ECLI:NL:HR:2021:1610
Hoge Raad
- Cassatie
- Rechtspraak.nl
Ontvankelijkheid van het beroep in cassatie inzake griffierecht
In deze zaak heeft de Hoge Raad op 5 november 2021 uitspraak gedaan over de ontvankelijkheid van een beroep in cassatie van belanghebbende, [X] te [Z], tegen de Staatssecretaris van Financiën. Het beroep was gericht tegen een uitspraak van de Rechtbank Den Haag van 29 april 2021. De Hoge Raad heeft vastgesteld dat belanghebbende niet heeft voldaan aan de verschuldigdheid van griffierecht, ondanks dat hij op 22 juli 2021 door de griffier van de Hoge Raad op deze verplichting is gewezen. De griffierechten moesten binnen een termijn van vier weken worden betaald, maar belanghebbende heeft hier geen gehoor aan gegeven.

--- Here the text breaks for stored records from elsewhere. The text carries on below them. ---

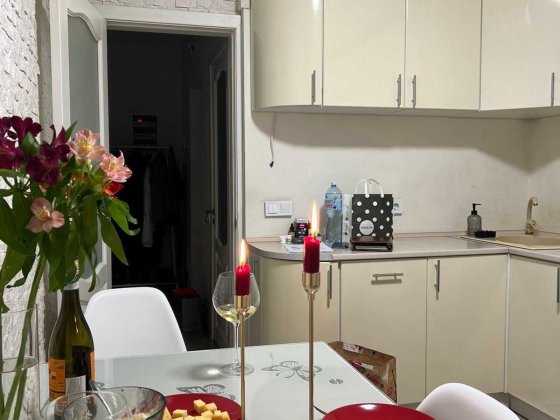 Продам 3-х кімн.кв-ру 73 кв.м.,Петропавлівська Борщагівка,вул.Черкаська 26 :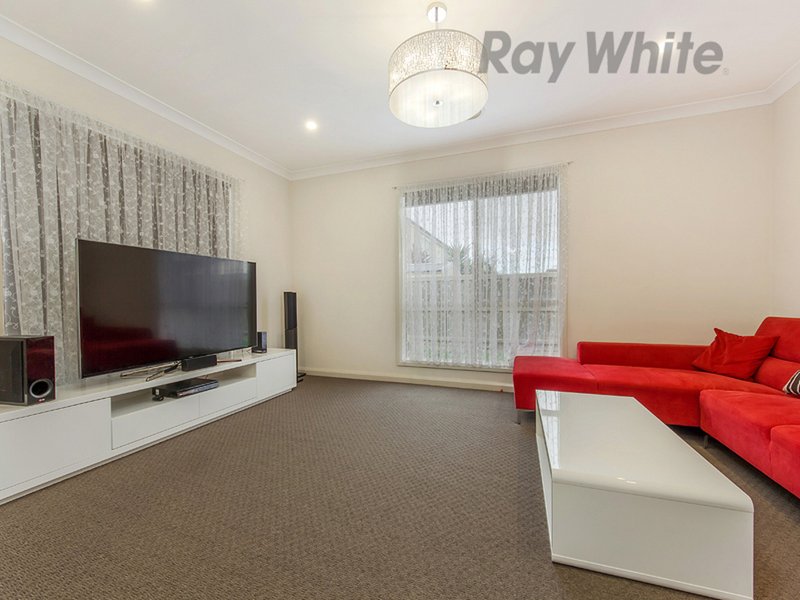 Photo - 6 Heathcliff Avenue, Deer Park VIC 3023 - Image 6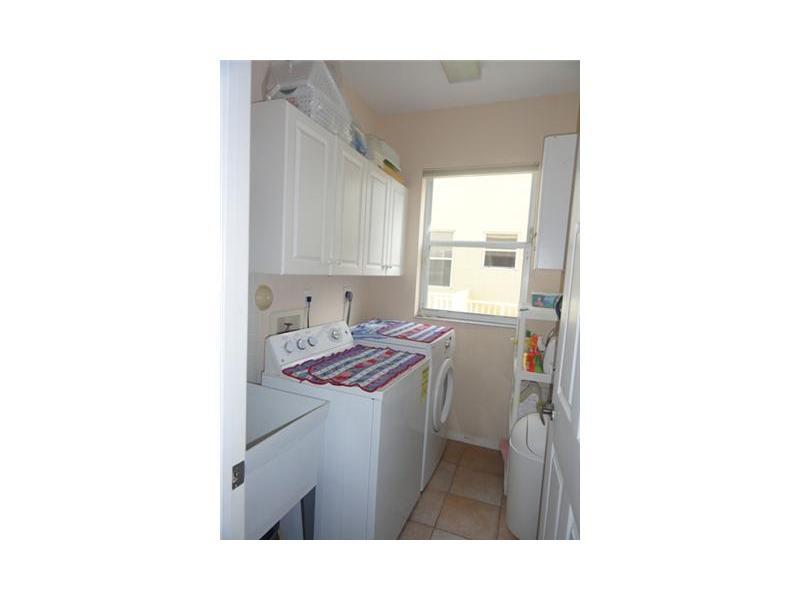 SILVER LAKES AT PEMBROKE - Residential Lease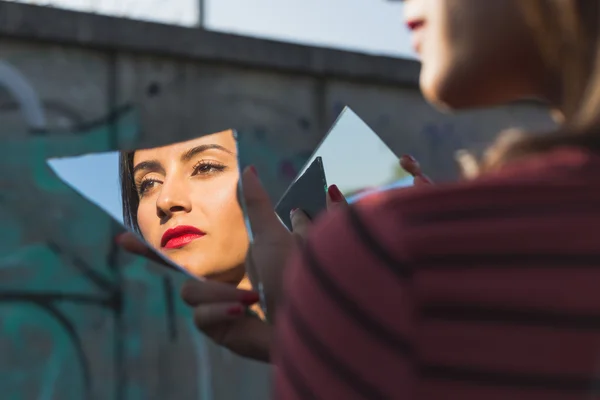 Mooi meisje poseren in een stedelijke context — Stockfoto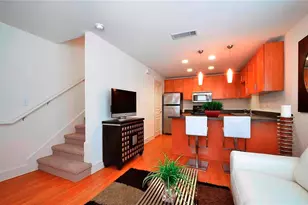 711 W 32nd St, Austin, TX 78705 - Photo 19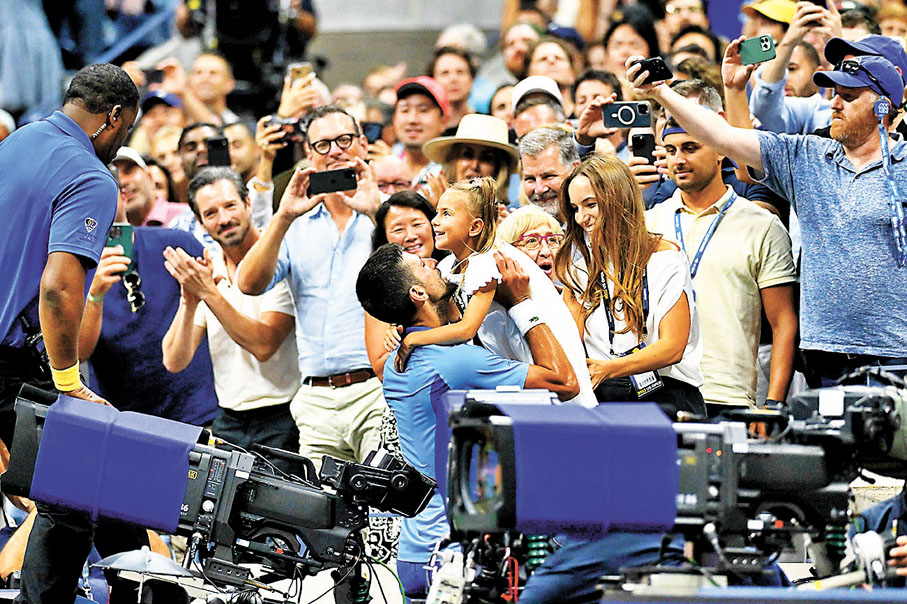 ◆祖高域抱起女兒慶祝。  法新社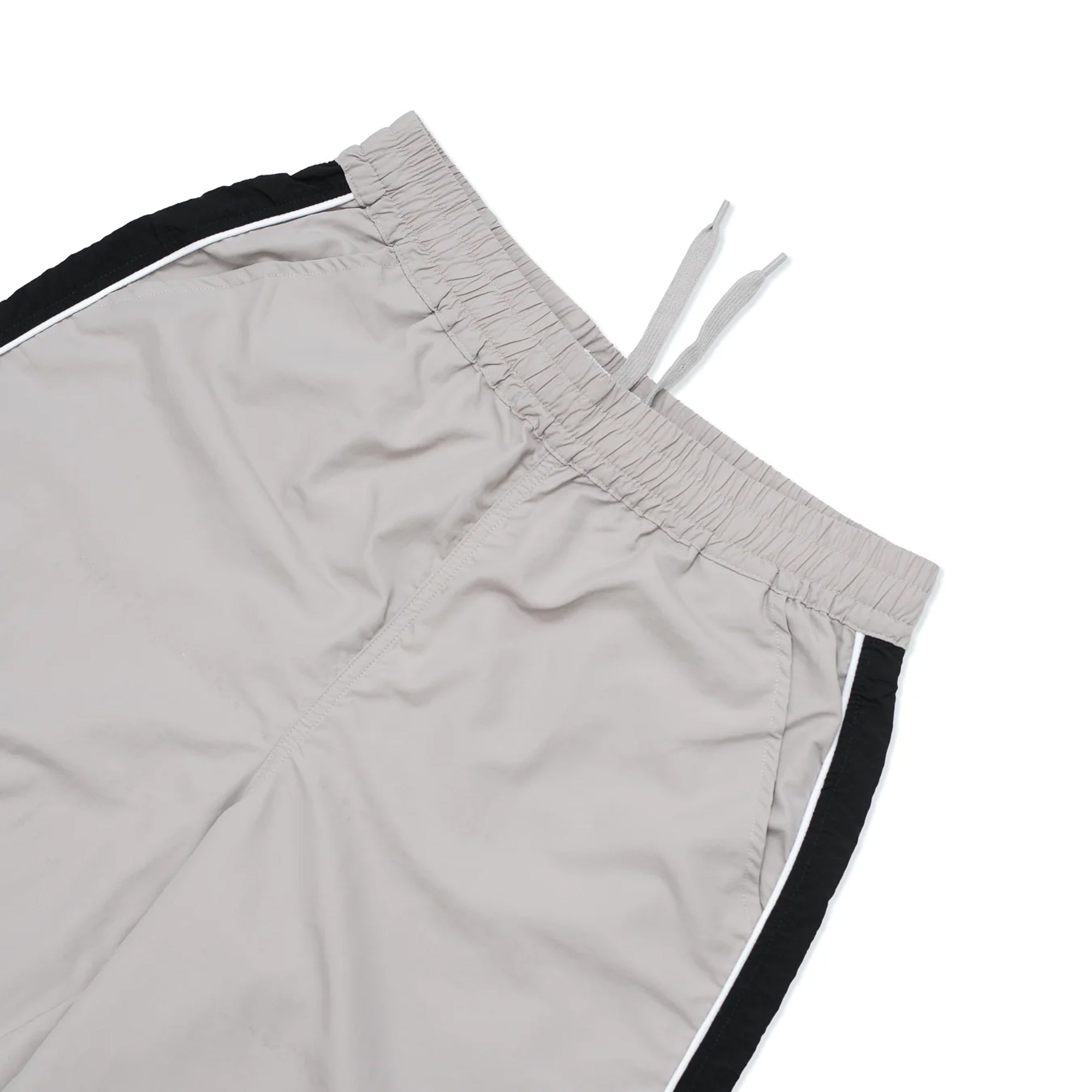 HDL25_0148_HODDLE_R25_NYLON_BERMUDA_SHORTS_GREY_3_1350x_webp.jpg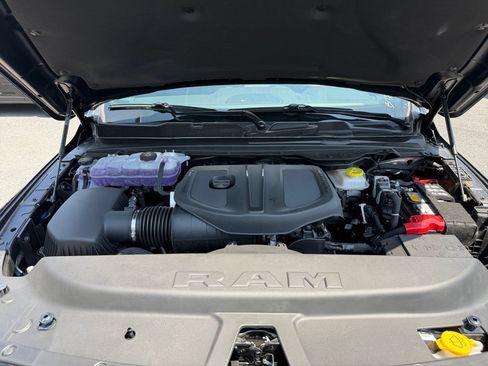 New 2026 RAM 1500 Big Horn AWD/4WD image 18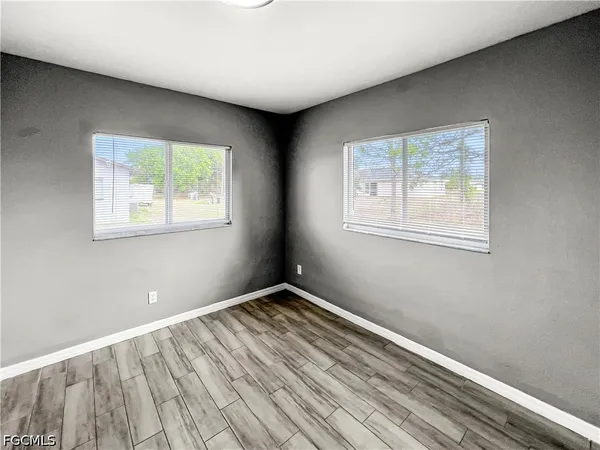 $1,149 | 121 Gordon Avenue South, Lehigh Acres, FL 33973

Op 23 augustus 2021 heeft de griffier belanghebbende in de gelegenheid gesteld om te verklaren waarom het griffierecht niet was betaald, maar belanghebbende heeft van deze gelegenheid geen gebruikgemaakt. De Hoge Raad heeft op basis van artikel 8:41, lid 6, van de Algemene wet bestuursrecht (Awb) geoordeeld dat het beroep in cassatie niet-ontvankelijk moet worden verklaard.
De Hoge Raad heeft geen aanleiding gezien om een veroordeling in de proceskosten uit te spreken. De beslissing van de Hoge Raad is openbaar uitgesproken op 5 november 2021, waarbij de vice-president en de raadsheren de uitspraak hebben gedaan.